Yup, you can double the recipe and bake it in a 13×9-inch pan… you’ll just want to watch the bake time. I’d start by checking for doneness around 20 minutes and every 2 minutes afterward until you achieve moist crumbs on a toothpick for the brownie layer. For the pecan pie layer, I would again check at 20 minutes and every 2 minutes after; if you tilt the pan, no liquid should run or be visible. You can adjust the 'servings' slider from 16 to 32 to get the proper metric measurements.
What pan should I bake these pecan pie brownies in?
This brownie recipe calls for an 8x8-inch metal pan! It is possible to bake brownies in a glass pan, but I don't recommend it. Glass bakeware is slower to heat than metal, and once it's hot... it retains that heat for much longer. So when using a glass pan to bake something like a batch of brownies, you may find that the sides and bottom brown at a much faster rate than the interior cooks... which is (obviously) not ideal!
How can you tell when the brownies are done baking?
A toothpick is your best friend when testing brownies for doneness. You’ll want to remove these brownies when your toothpick is covered in fudgy, moist crumbs (not batter!). You definitely don't want to overbake the brownie layer, as you'll be putting the pan back in the oven to bake longer after you pour the pecan pie filling on top.
Pecan Pie Brownies
For the Brownie Layer:
- 100 g granulated sugar
- 110 g dark brown sugar
- 43 g unsweetened natural or Dutch process cocoa powder
- ¼ teaspoon espresso powder
- 113 g unsalted butter melted
- 2 large eggs (100 g)
- 1 teaspoon vanilla extract
- ½ teaspoon fine sea salt
- 75 g all-purpose flour
For the Pecan Pie Layer:
- 28 g unsalted butter melted
- 75 g dark brown sugar
- 56 g pure maple syrup
- 1 teaspoon vanilla extract
- ¼ teaspoon fine sea salt
- 1 large egg (50 g)
- 140 g pecan halves whole or chopped
To Make the Brownie Layer:
- Preheat oven to 350°F (180°C). Grease and line an 8x8-inch pan with parchment paper, letting the excess extend over the sides of the pan. Set aside.

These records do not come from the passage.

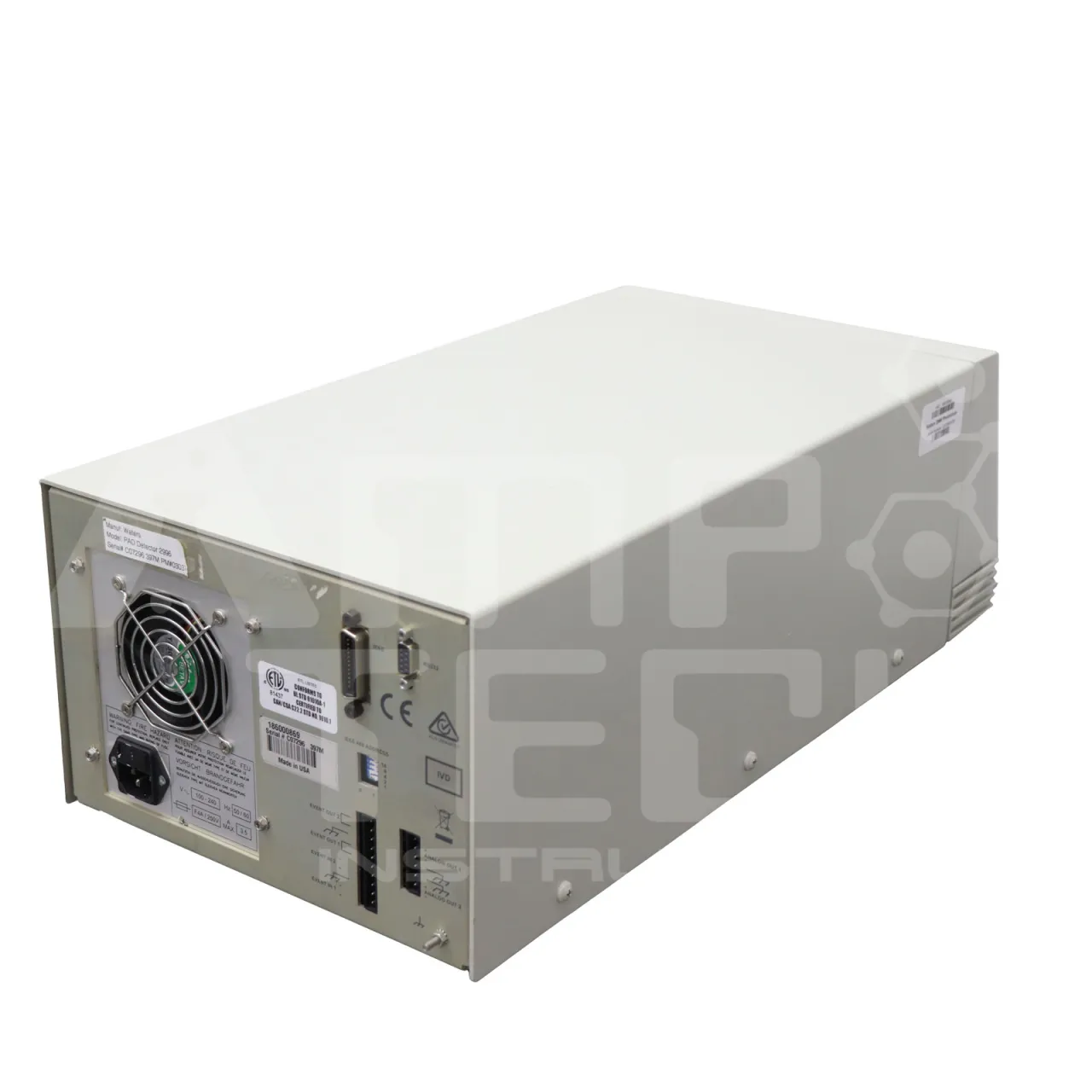 Waters 2996 Photodiode Array Detector. High-quality refurbished laboratory equipment for sale.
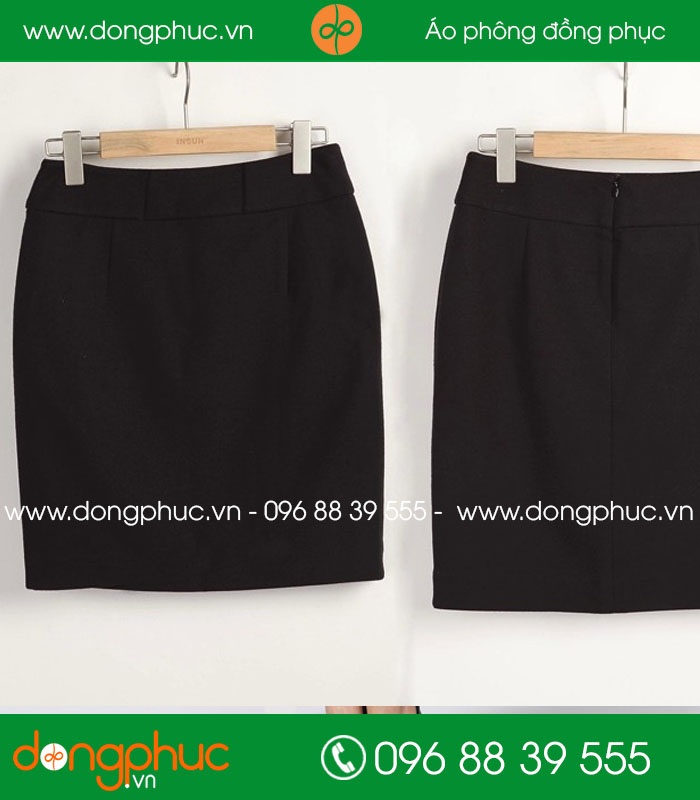  Đồng phục chân váy màu đen
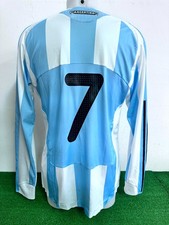 MAGLIA ARGENTINA LAVEZZI MATCH WORN INDOSSATA SHIRT JERSEY CAMISETA COA 2008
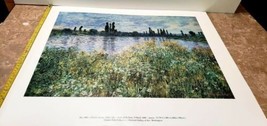 Claude Monet &quot;Banks of the Seine, Vetheuil&quot; 1880 Giclee Fine Art Print - £5.53 GBP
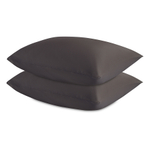 Набор наволочек из премиального сатина темно-серого цвета из коллекции essential, 50х70 см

- In a large bowl, whisk together the sugars, cocoa powder, espresso powder, and butter until combined.
- Whisk in the eggs, one at a time, until completely incorporated, followed by the vanilla and salt.
- Stir in the flour and mix until just combined. Pour the brownie batter into the prepared pan and spread it into an even layer.
- Bake for 20-25 minutes. Test the brownies with a toothpick at the 20-minute mark. Insert it into the center of the pan; if it comes out with wet batter, the brownies are not done. If there are fudgy, moist crumbs, the brownies are done. Keep checking every 2 minutes until you have moist crumbs. Keep the oven on while you prepare the pecan pie layer.
To Make the Pecan Pie Layer:
- In a medium bowl, whisk the butter, brown sugar, maple syrup, vanilla, and salt until smooth. Whisk in the egg until combined and then stir in the pecans until coated.
- Top baked brownies with the pecan pie topping, spreading evenly. Return to oven and bake until pecan mixture is set, about 20 minutes. (If you tilt the pan, no liquid should run or be visible.)
- Let the brownies cool completely in the pan before removing them and slicing them into squares.